> [WORK INSTRUCTION]
Reproduce the records below exactly, but only between the lines holding "Mask (West End, #2)" and "野の花よりも」 作曲・歌 みうらまいこ（日本語とカンボジア語）撮影・編集は", inclusive.

[Source records]
* * * * * * *

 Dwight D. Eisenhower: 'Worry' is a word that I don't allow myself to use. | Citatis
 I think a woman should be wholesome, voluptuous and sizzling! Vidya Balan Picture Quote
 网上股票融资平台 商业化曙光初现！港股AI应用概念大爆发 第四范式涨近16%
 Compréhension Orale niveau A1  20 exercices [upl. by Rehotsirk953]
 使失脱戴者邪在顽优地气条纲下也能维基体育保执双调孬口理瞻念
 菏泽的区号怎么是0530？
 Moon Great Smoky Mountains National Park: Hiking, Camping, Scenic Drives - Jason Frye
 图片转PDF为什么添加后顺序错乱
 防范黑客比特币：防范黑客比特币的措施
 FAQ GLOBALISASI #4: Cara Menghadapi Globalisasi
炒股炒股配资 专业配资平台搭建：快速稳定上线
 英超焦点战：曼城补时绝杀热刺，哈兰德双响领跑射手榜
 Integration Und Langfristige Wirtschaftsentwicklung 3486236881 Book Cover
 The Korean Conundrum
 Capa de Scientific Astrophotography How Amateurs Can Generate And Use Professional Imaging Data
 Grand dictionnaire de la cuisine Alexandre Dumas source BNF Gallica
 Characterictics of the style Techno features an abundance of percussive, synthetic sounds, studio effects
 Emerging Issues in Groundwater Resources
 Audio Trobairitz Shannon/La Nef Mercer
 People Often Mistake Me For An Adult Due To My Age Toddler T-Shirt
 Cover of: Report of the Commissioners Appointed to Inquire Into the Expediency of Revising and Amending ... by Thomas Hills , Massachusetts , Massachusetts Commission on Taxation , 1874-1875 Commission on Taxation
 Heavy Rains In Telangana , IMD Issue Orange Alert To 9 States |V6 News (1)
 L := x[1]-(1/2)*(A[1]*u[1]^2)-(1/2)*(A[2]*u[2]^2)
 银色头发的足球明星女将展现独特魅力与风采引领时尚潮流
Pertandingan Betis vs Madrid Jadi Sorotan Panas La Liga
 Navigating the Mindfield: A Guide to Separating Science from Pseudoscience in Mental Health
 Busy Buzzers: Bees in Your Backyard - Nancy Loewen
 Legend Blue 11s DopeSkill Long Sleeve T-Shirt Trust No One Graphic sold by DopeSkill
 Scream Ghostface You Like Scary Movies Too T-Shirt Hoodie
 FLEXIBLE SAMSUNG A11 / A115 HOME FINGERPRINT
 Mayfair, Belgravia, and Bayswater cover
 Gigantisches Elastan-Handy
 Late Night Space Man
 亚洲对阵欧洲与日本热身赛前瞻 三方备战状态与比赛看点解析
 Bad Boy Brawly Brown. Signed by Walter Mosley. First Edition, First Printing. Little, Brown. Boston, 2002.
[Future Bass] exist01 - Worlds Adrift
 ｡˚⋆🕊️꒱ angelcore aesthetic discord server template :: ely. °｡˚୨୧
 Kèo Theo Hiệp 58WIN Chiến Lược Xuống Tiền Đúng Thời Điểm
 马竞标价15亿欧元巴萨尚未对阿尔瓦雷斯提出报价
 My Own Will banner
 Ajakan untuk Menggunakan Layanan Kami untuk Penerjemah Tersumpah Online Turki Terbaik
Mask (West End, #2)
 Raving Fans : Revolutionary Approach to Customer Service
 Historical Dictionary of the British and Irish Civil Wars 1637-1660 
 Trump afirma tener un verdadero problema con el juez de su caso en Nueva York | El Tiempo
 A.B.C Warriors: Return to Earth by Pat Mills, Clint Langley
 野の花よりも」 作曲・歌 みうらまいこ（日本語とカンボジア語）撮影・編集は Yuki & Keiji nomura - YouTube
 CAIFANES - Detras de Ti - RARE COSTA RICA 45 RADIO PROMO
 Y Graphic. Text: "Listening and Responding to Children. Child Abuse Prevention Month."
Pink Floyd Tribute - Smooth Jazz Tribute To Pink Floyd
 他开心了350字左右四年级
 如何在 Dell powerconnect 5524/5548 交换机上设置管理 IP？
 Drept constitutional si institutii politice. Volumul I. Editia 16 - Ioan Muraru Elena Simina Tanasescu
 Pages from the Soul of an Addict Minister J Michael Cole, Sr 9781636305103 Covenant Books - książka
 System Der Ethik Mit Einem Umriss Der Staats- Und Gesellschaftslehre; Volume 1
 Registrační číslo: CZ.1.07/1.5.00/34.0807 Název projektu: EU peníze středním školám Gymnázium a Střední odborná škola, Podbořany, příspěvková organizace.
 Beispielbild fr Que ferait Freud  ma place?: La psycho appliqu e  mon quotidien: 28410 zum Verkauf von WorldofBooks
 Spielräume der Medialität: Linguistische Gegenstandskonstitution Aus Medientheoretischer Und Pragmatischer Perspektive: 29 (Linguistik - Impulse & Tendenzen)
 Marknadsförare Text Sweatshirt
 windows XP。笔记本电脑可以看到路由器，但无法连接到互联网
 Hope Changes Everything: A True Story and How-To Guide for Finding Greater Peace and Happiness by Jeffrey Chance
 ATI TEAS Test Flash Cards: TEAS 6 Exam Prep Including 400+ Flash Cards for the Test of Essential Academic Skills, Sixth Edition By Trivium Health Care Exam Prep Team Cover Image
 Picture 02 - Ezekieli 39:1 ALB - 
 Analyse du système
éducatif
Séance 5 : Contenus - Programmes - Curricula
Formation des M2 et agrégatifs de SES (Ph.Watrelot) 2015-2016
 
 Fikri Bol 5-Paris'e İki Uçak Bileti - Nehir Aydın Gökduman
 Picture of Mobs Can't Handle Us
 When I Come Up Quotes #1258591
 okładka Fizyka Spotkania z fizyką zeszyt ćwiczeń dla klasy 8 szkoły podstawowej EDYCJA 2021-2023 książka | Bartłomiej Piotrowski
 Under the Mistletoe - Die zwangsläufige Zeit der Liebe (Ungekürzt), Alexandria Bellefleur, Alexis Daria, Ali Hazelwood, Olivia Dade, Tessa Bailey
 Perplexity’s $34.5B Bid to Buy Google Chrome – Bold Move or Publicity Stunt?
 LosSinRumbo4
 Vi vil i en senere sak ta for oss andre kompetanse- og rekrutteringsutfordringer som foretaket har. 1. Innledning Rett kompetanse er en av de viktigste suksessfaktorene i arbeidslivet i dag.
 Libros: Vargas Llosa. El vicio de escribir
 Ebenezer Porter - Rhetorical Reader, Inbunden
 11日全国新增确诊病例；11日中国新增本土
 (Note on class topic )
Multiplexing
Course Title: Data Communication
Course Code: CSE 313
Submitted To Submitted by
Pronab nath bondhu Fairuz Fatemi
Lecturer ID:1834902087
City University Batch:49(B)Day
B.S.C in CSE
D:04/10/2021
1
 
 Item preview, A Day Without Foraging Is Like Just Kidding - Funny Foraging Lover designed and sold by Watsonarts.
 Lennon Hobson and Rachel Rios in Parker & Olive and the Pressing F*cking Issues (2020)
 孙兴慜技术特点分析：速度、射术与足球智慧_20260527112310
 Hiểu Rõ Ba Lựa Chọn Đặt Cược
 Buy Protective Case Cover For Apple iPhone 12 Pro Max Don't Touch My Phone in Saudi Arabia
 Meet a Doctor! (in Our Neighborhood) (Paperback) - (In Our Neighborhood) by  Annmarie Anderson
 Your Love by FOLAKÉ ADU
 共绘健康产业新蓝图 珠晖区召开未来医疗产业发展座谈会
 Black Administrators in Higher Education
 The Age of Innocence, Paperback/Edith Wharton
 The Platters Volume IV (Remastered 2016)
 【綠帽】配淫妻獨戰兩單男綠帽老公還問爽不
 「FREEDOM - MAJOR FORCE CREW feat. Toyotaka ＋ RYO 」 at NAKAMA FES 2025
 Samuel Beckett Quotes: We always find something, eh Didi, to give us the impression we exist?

* * * * * * *

> [EXERCISE SOLUTION]
Mask (West End, #2)
 Raving Fans : Revolutionary Approach to Customer Service
 Historical Dictionary of the British and Irish Civil Wars 1637-1660 
 Trump afirma tener un verdadero problema con el juez de su caso en Nueva York | El Tiempo
 A.B.C Warriors: Return to Earth by Pat Mills, Clint Langley
 野の花よりも」 作曲・歌 みうらまいこ（日本語とカンボジア語）撮影・編集は Yuki & Keiji nomura - YouTube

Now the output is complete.